In our previous study, we found a marked reduction of fibronectin receptors in the skin and cultured fibroblasts of two patients with Ullrich's disease with collagen VI deficiency. We speculated that collagen VI deficiency may lead to a reduction of fibronectin receptors and that an abnormality of cell adhesion may be involved in the pathogenesis of Ullrich's disease.17 Recently, we evaluated the role of nonsense-mediated mRNA decay (NMD) in Ullrich's disease and found that the pharmacological block of NMD caused upregulation of the mutant collagen VI, resulting in upregulation of the fibronectin receptor and partially functional ECM formation.34 The expression of fibronectin receptors in skeletal muscle fibers was faint even in the control skeletal muscle fibers. Therefore, it was difficult to detect a reduction of it in the skeletal muscle of patients with Ullrich's disease.
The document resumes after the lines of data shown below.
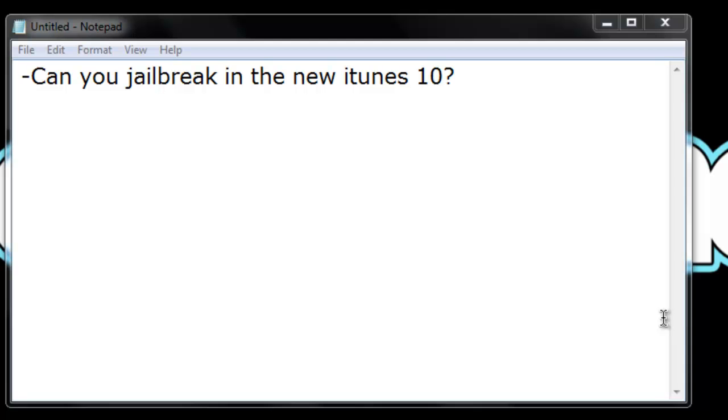Everyone's been asking this question on YouTube and I thought I'd answer it in this video because it's about iTunes 10. Can you jailbreak in the new iTunes 10? Yes.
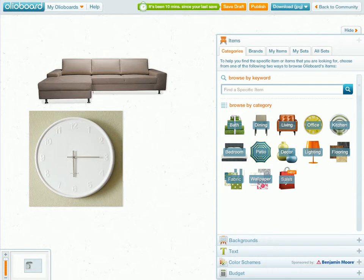Welcome to OleoBoard's Crop Tool tutorial. Within this tutorial, I'm basically going to show you how to use the Crop Tool to manipulate items on your mood board and achieve the look you're going for. So let's begin.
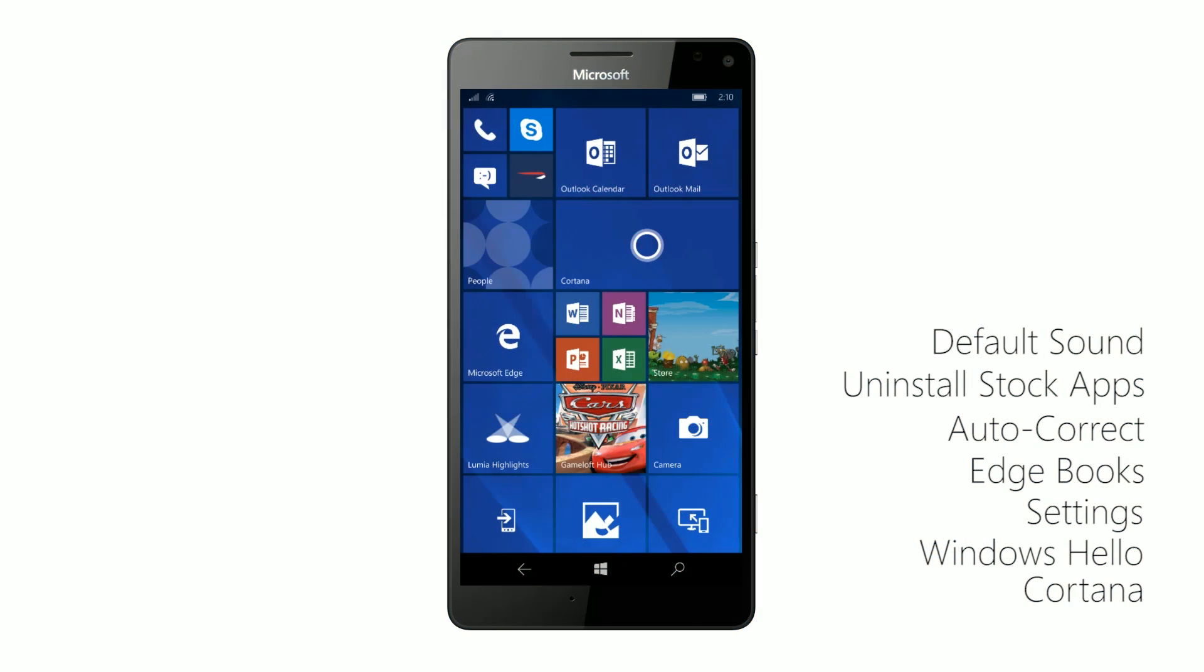Hey there guys, Zach here for Windows Central and welcome back to another video. Now today we're taking a look at the Windows 10 Mobile Creators Update. This is a minor update rolling out for Windows 10 Mobile users in the coming weeks that's packing a number of new features and enhancements over the last major version of Windows 10 Mobile, which was the Anniversary Update back in August of last year.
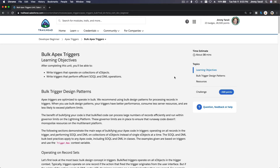Now we are going to talk about bulk Apex triggers. We want to get into a mindset of doing everything in bulk. What does bulk mean? Bulk means a lot — a ton of data.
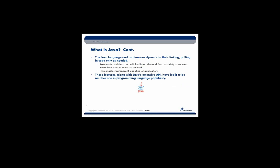So the Java language and runtime are dynamic in their linking, pooling, and code only as needed. So that means we can delegate or wait until runtime to decide exactly what it is we're going to call. I may know that I want to speak to a database. However, which database that I'm going to speak to, that decision can be made at runtime.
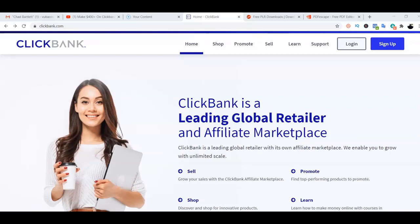In today's video, I'll be showing you guys how you can start making money as an affiliate marketer using 100% free traffic sources. This strategy actually works for whatever product you're promoting — it could be your own product or any affiliate product from any platform, either Clickbank, JVZOO, Warrior Plus, or whatever. So let's dive in straight to the point.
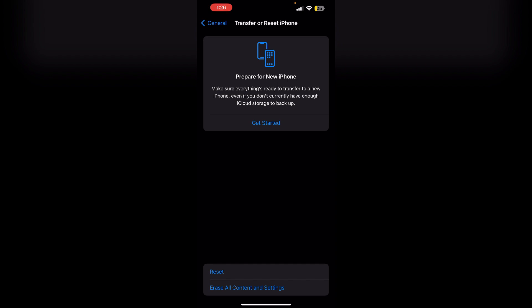The key is to act quickly before the deleted notes are overwritten in your phone's memory. Using a data recovery tool is the best option if you don't have a backup containing the notes. Restoring from an iCloud or iTunes backup will erase your current iPhone data before restoring.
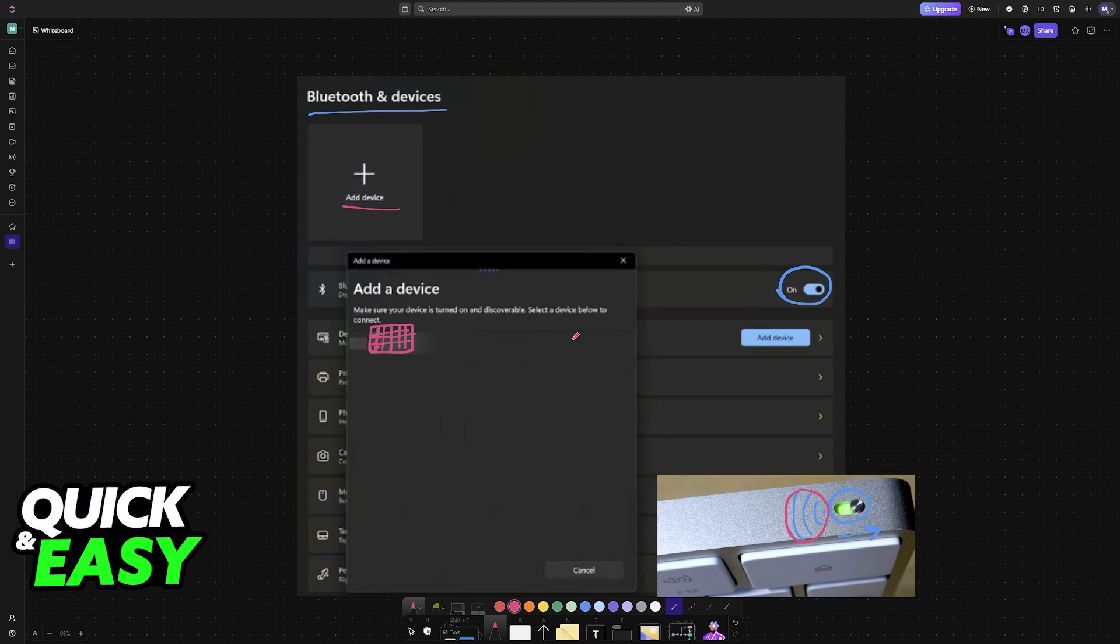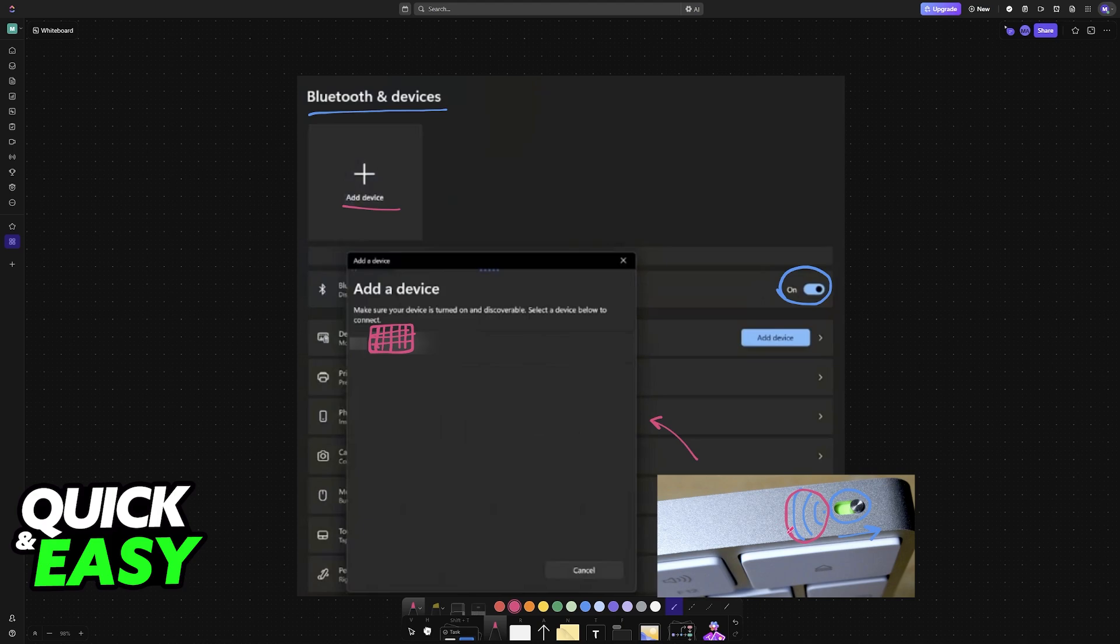Every single subsequent time that you power it on, it should automatically pair itself to the Windows PC. If you have a MacBook or a Mac desktop nearby, or any other device that you have connected the Magic Keyboard to and it isn't connected to the Windows PC, it could be because it is trying to connect itself to other devices. So make sure that they aren't powered on and that the keyboard exclusively connects to the PC running Windows 11.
In this study, we investigated immunohistochemically the expression of proteoglycans and adhesion molecules other than fibronectin and fibronectin receptor in Ullrich's disease. We found a reduction of NG2 proteoglycan in the membrane of skeletal muscle but not in the vessels or ECM of the skin of these patients. Petrini et al. have reported that NG2 proteoglycan expression decreases with advancing age in muscle biopsy specimens from normal subjects, and that dystrophin-negative fibers in Duchenne and Becker muscular dystrophy, and regenerating muscle fibers in sarcoglycanopathy and calpainopathy, show strong NG2 proteoglycan expression.28 They also demonstrated that NG2 proteoglycan localization on the sarcolemma is markedly decreased in muscle fibers in merosin-deficient congenital muscular dystrophy (MDC1A), whereas regenerating fibers and blood vessels show normal expression. In the present study, the reduction of NG2 proteoglycan in the membrane of skeletal muscle in Ullrich's disease was observed even in regenerating fibers. Further Western blot and Northern blot studies are necessary to determine whether the reduced expression of NG2 proteoglycan is due to a transcriptional or translational block.
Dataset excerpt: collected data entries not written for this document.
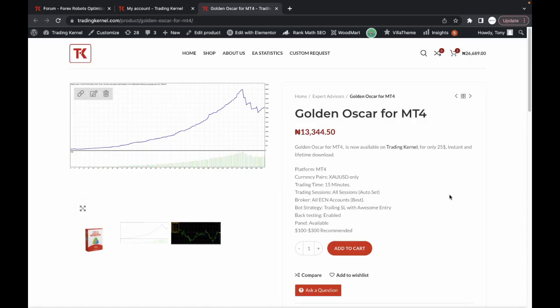Hello Traders, welcome to another exciting video on TrinKanel. In this video we're going to be looking at the Golden Oscar for MT4 which is currently available on TrinKanel for just $25 only.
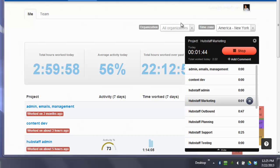Hi, this is Dave with Hubstaff and I wanted to quickly go over the desktop timers with you and what all you can do with them and how they work.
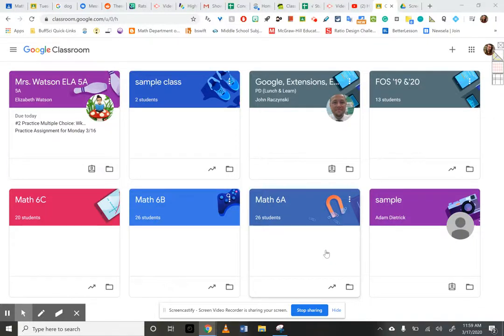Hi, 5th graders! It's Ms. Otero. I'm going to show you how to get into Ms. Watson's stuff. I know some of us have been having some issues with it.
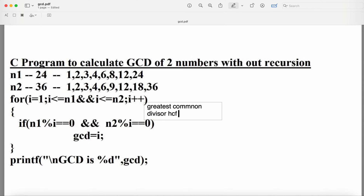First we have to find out the factors for both numbers. The factors of 24 are: 1, 2 (2×12=24), 3 (3×8=24), 4 (4×6=24), 6, 8, 12, and 24. Numbers like 5, 7, 9, 10, 11, and 13 through 23 are not factors.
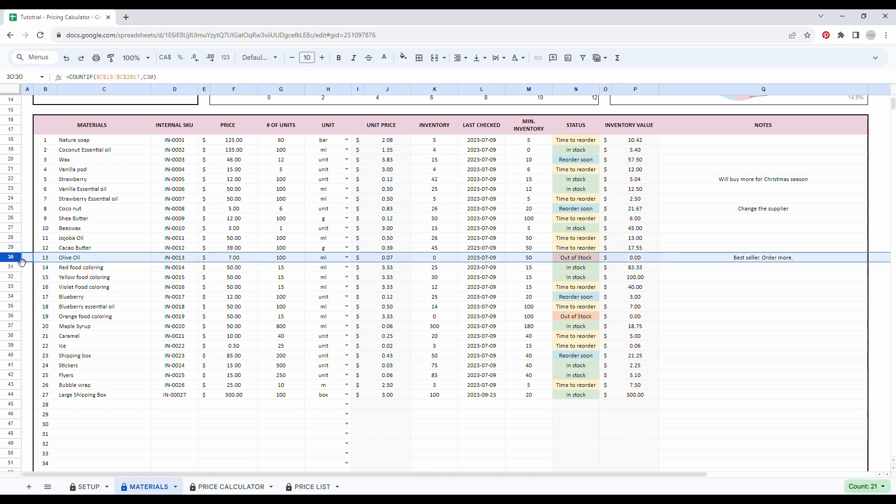So let's say I just counted my inventory and I have no stock anymore. That's why it's out of stock. And I purchased a few bottle of olive oil.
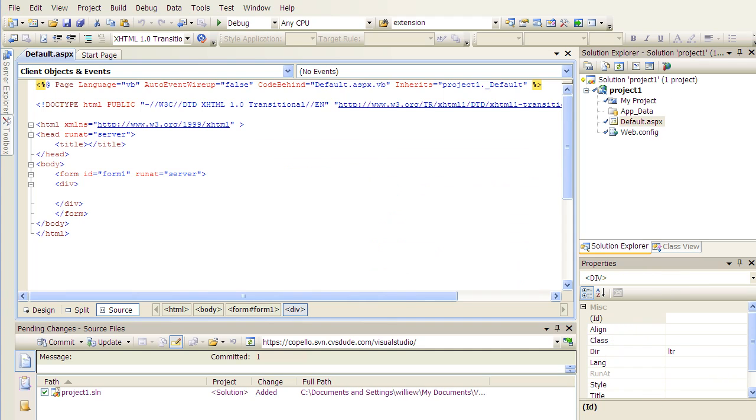Now, as you go through this process, you may be prompted to enter a username and password. This is because as Visual Studio through AnkhSVN interacts with our Subversion repository, it will ask you for your username and password. In that case, you will use the same username and password to log into the web interface as you would log into our Subversion repository. For example, my username will be Capello.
NG2 proteoglycan is a 500-kDa integral membrane chondroitin sulfate proteoglycan that is widely expressed on various cell types. Although the exact function of NG2 proteoglycan is not clear, several cell lines reportedly coexpress NG2 proteoglycan and collagen VI in an identical pattern on the cell surface. Furthermore, retention of collagen VI on cells could be inhibited with specific antisera against NG2 proteoglycan. These studies strongly suggested the close interaction of the two molecules.26, 30 The present study on Ullrich's disease also suggests the close relation of collagen VI and NG2 proteoglycan on the muscle cell membrane.
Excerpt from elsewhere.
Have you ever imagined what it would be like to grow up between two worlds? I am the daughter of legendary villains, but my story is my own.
NG2 proteoglycan has the ability to enhance cellular responses to platelet-derived growth factor (PDGF)-AA,10 and the PDGF alpha-receptor is unresponsive to PDGF-AA in aortic smooth muscle cells from NG2 knockout mice.9 Furthermore, NG2 proteoglycan is reported to mediate beta1 integrin-independent cell adhesion and to trigger signaling events that lead to rearrangement of the actin cytoskeleton.31 The reduction of NG2 proteoglycan in the skeletal muscle in Ullrich's disease might influence the development or regeneration of muscle fibers through a defect of signal transduction. However, NG2 proteoglycan has been reported to be an axon-inhibitory proteoglycan in the central nervous system8 and peripheral nerves.21 Further studies on the expression of NG2 proteoglycan in various tissues are necessary to elucidate the pathological role of the reduction of NG2 proteoglycan in Ullrich's disease. We have previously examined the skeletal muscle of Ullrich's disease by electron microscopy and found unevenness, extension, and folding of the muscle plasma membrane.25 The reduction of NG2 proteoglycan in the muscle membrane in Ullrich's disease may relate to these electron microscopic abnormalities.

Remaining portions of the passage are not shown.